This article originally appeared on the BeyeNETWORK.
A big consideration of archival processing is keeping up with software and hardware releases.
Suppose an organization looks upon archiving as merely the process of taking data and storing it elsewhere. In order to illustrate this point, suppose that today an organization stores two or three tables in archival processing in Oracle8i. Occasionally, the organization goes back into the archive environment and brings some data out.
Everything is fine until the day in 2008 when the organization upgrades to the latest release of Oracle12k. Then, when they go to get data out of archival storage, they face a dilemma. The data has been stored in Oracle8i but needs to be read as Oracle12k. Oracle12k may or may not support Oracle8i. And as time passes, the chances of the latest version of Oracle supporting the “old” data in Oracle 8i grows slimmer. Perhaps next year’s version of Oracle will be able to look backward a few releases. However, 20 or 30 years from now, the odds are excellent that Oracle8i and its formats and conventions will be long forgotten.
Now the organization faces a real dilemma. They have archival data stored in incompatible technology.
Just in case you are interested, it is not just Oracle that faces this problem of release compatibility over time. Indeed, all software vendors face this problem.
The first problem in trying to make archival data useful is the tracing backward of formats and conventions of releases over time. That in itself is a daunting task. Certainly the consumer should not be shackled with this task; but even the software vendor faces this task with trepidation.
And even if there is a path from release to release over time, the complexity of trying to follow and implement that path is, at the very least, very complex – and at the worst, it is overwhelmingly complex, to the point that it just can’t be done.
For these reasons then, it simply does not make sense to take archival data and leave it in the format and conventions of a technology as it is originally stored. In every case, if data is to be archived, it needs to be freed from the technology in which it is stored on a day-to-day basis and placed in a simple, universal technology that will not cause anyone great problems in the accessing of the archival data at a later point in time.

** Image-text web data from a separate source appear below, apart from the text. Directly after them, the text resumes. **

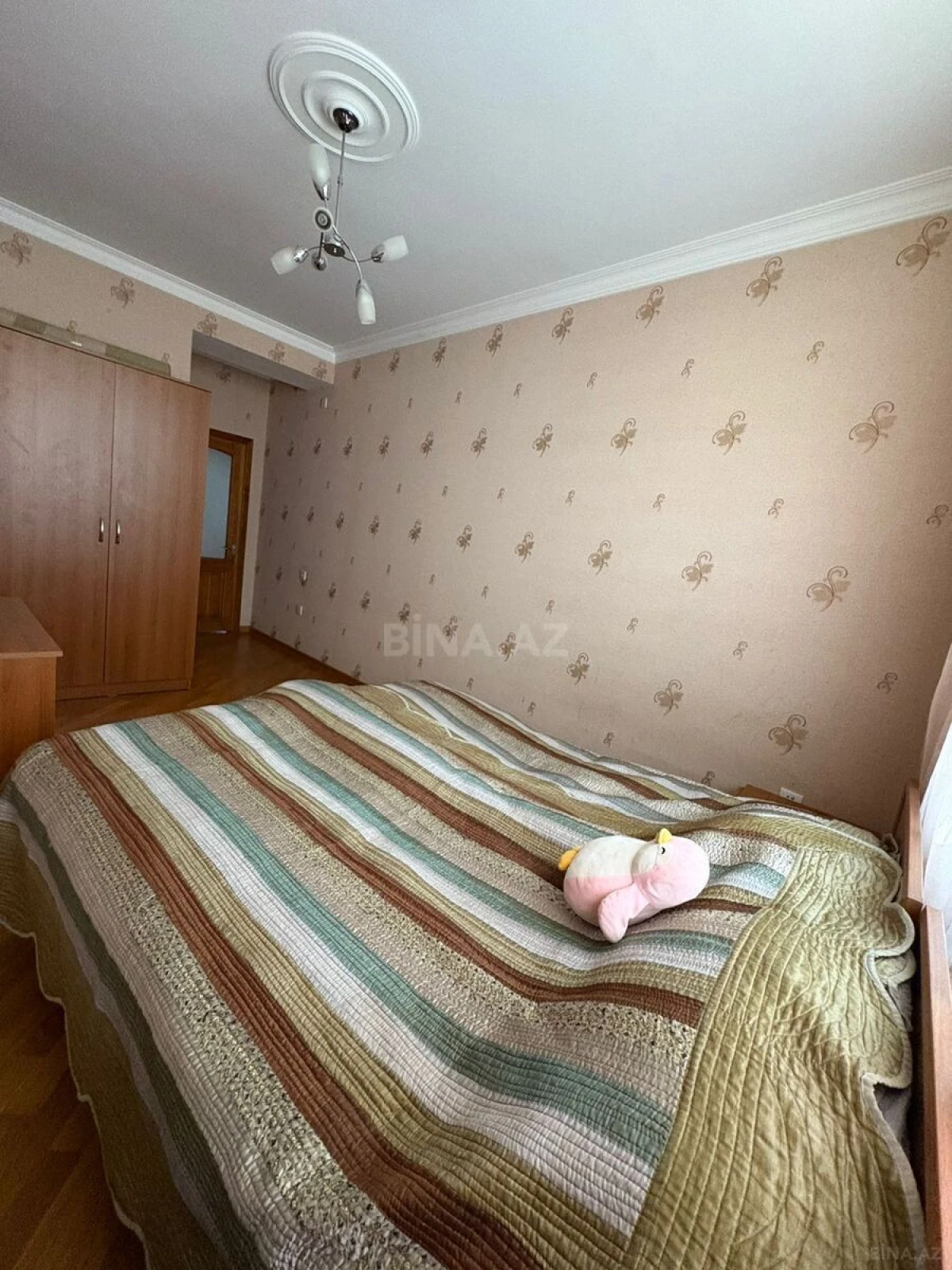 Satılır 3 otaqlı mənzil 115 m²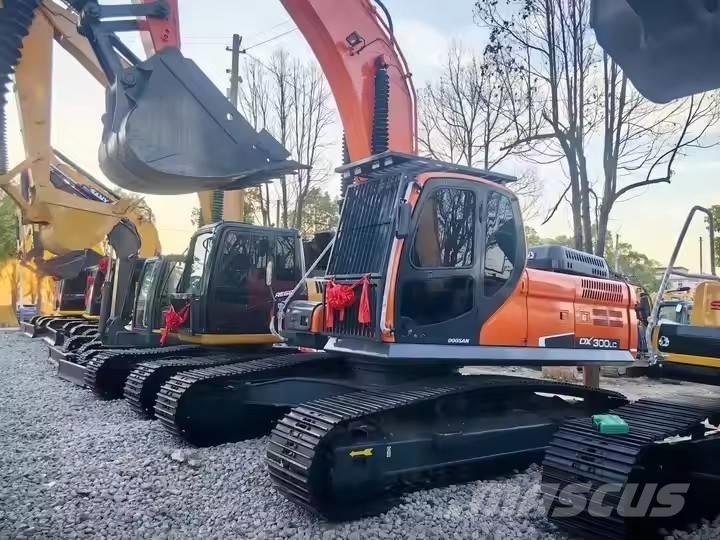 Doosan DX 300 LC Excavadoras de cadenas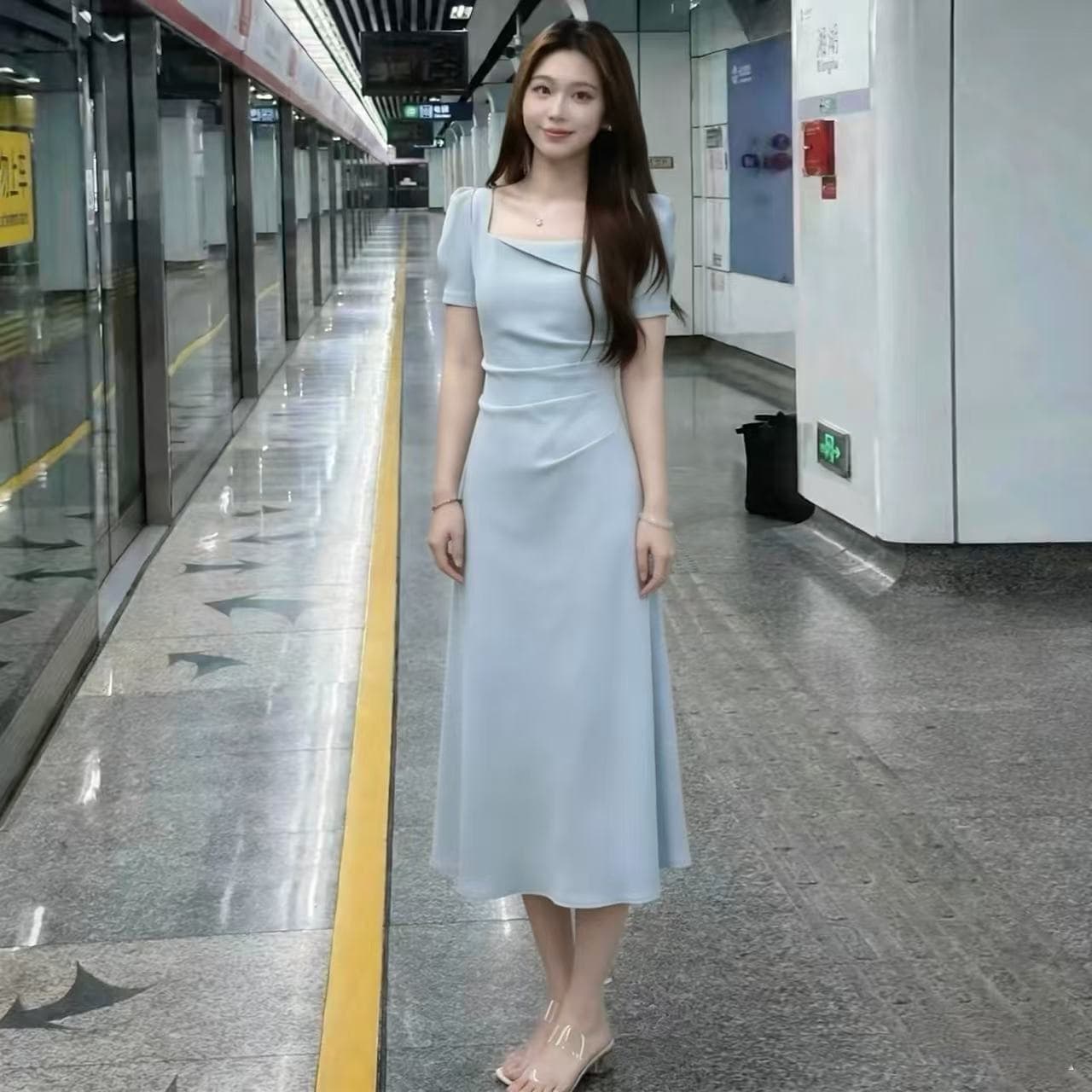 파란색 여성 드레스 2026 여름 새로운 몸매 가꾸기 가스 질감 부드러운 바람 광장 칼라 프랑스식 중간 길이 치마 이미지 2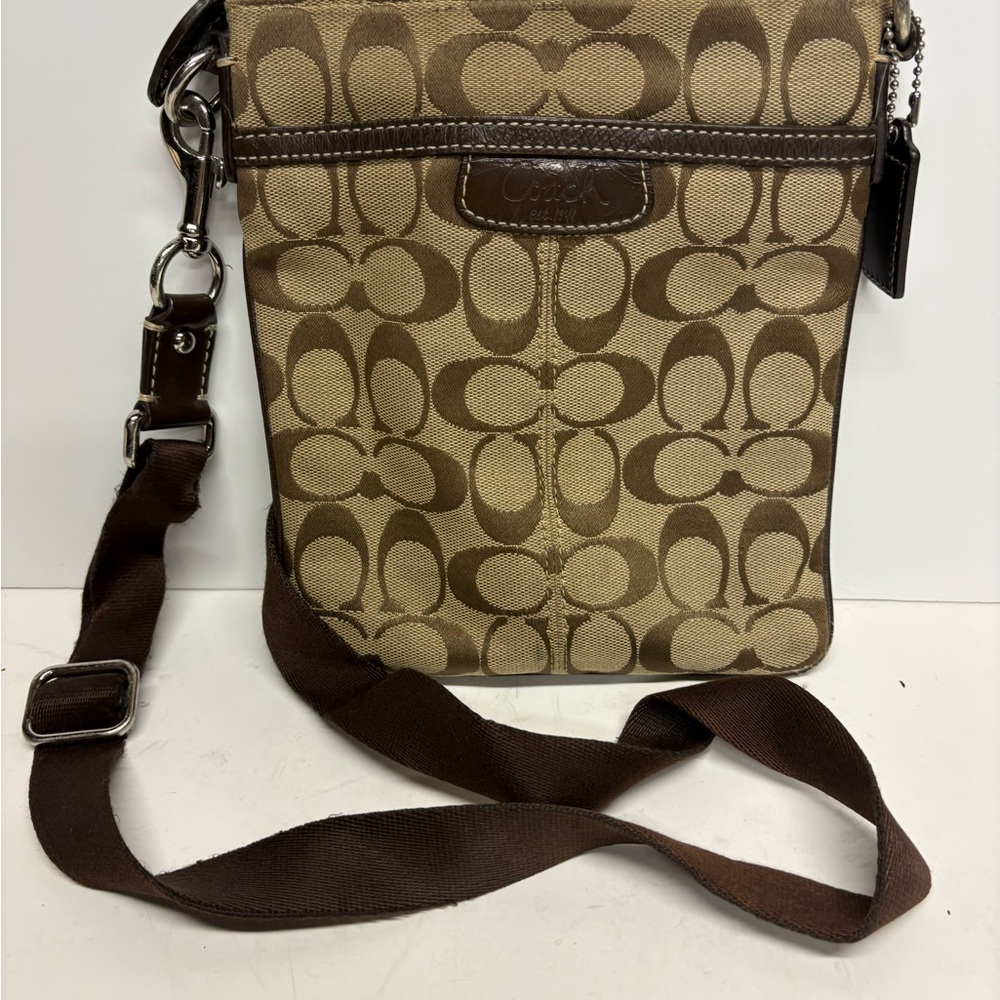Coach Womens Signature Canvas Crossbody Bag in Khaki Brown Leather Trim - Picture 2 of 10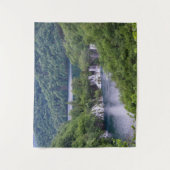 クロアチアの緑の森と滝の滝 タペストリー (正面)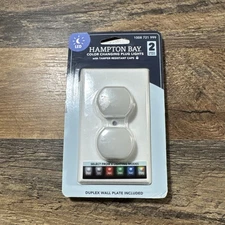 Hampton Bay LED Color Changing Plug Lights Duplex Wall Plate 6 Modes Tamper Resi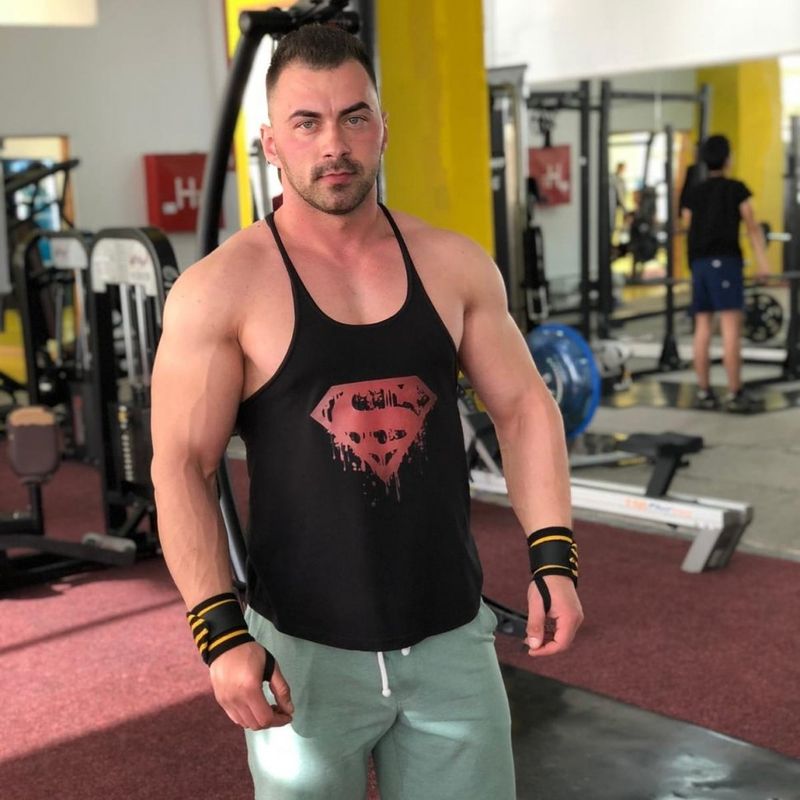 Tânărul își petrecea aproape fiecare zi în sala de antrenament și-i ajuta pe alții să facă performanță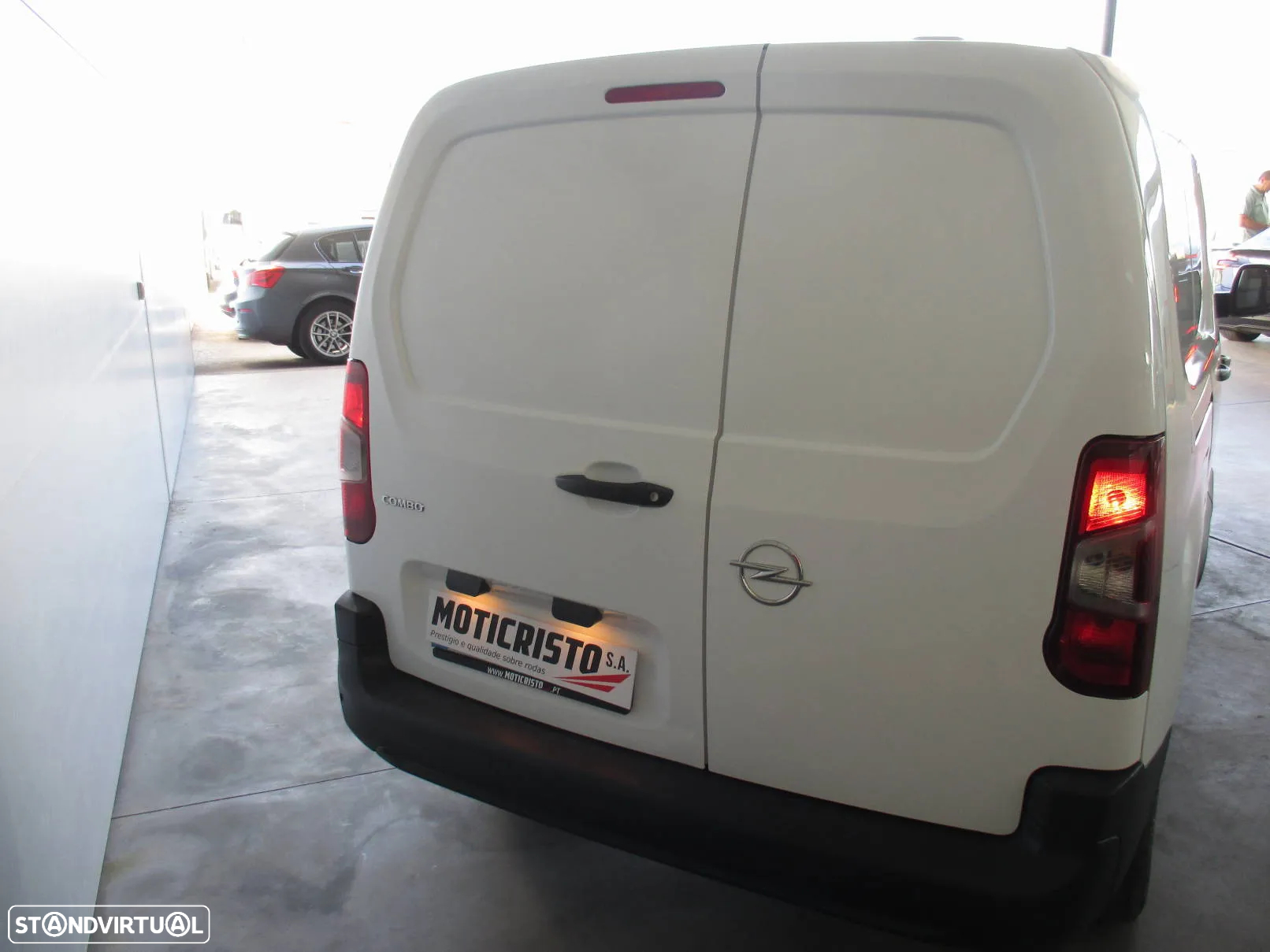 Opel Combo 1.5 Cdti L2H1 Enjoy - 4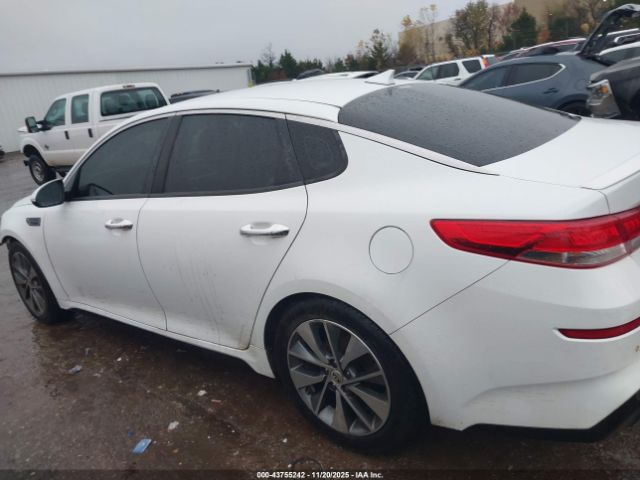 Kia Optima S Image 10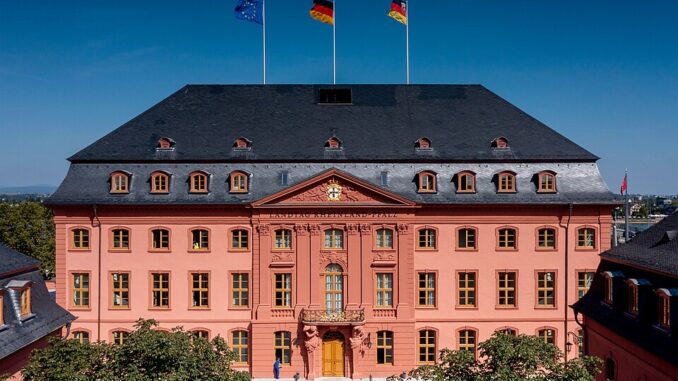 Het Deutschhaus in Mainz, zetel van het Landtag van Rijnland-Palts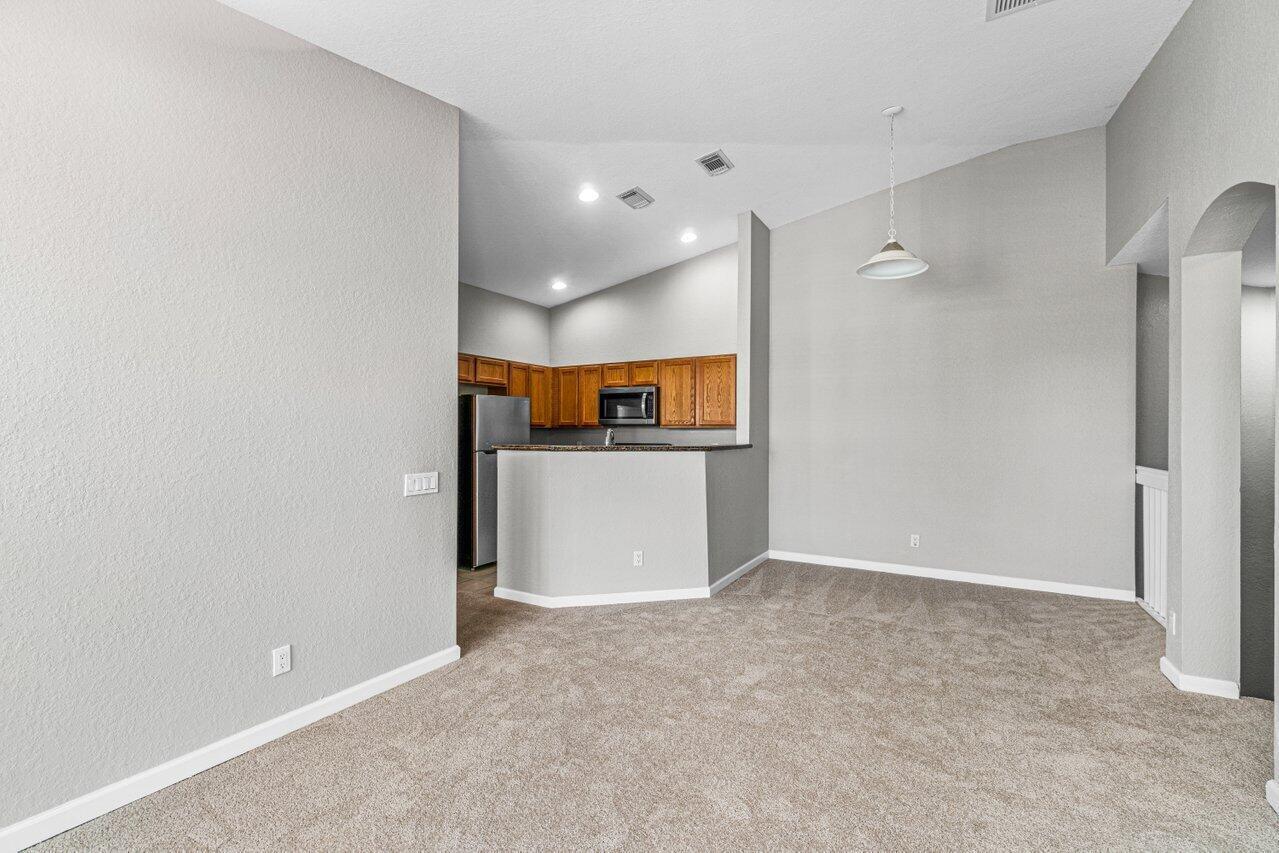 Residence photo 4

As has been discussed in Part 1 of this series, the proper form for archival data is in the form of a time vault. A time vault does, in fact, contain archival data. However, the time vault is formatted and structured in the simplest manner possible. Simple flat files based on simple ASCII or EBCDIC data is the preferred mode for the design of the archival data. However it is done, the time vault of data should not have reference to or dependence on DBMS technology. There should be no connection to the vendor that originally housed the data that has been archived.
The result is a form of archival data that is a little less convenient to read and manipulate; however, the archival data is set to stand the test of time – and standing the test of time is the number one requirement for archival data.